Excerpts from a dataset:

▬▬▬

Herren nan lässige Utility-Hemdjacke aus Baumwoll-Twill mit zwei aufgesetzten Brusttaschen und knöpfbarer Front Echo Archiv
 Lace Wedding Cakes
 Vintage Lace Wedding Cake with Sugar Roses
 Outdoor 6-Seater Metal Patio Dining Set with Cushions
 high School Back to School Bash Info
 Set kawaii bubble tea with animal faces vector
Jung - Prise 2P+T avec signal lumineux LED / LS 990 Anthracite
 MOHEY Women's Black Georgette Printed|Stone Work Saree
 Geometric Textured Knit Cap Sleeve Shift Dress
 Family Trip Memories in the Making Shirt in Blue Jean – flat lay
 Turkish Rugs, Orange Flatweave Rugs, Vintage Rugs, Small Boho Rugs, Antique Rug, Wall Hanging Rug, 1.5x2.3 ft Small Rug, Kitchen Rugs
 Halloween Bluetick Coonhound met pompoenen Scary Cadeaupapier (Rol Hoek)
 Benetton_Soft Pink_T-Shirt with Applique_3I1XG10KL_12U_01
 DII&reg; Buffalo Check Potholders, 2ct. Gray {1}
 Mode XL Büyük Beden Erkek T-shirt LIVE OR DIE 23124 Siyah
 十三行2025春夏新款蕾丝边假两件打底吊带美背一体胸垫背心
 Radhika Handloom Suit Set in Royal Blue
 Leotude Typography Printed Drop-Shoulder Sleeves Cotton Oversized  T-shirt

▬▬▬

What you are asked to do:
All lines from the start of the entries through the line where "Family Trip Memories" sits should be duplicated exactly, with nothing else in the output.

Answer to this problem:
Herren nan lässige Utility-Hemdjacke aus Baumwoll-Twill mit zwei aufgesetzten Brusttaschen und knöpfbarer Front Echo Archiv
 Lace Wedding Cakes
 Vintage Lace Wedding Cake with Sugar Roses
 Outdoor 6-Seater Metal Patio Dining Set with Cushions
 high School Back to School Bash Info
 Set kawaii bubble tea with animal faces vector
Jung - Prise 2P+T avec signal lumineux LED / LS 990 Anthracite
 MOHEY Women's Black Georgette Printed|Stone Work Saree
 Geometric Textured Knit Cap Sleeve Shift Dress
 Family Trip Memories in the Making Shirt in Blue Jean – flat lay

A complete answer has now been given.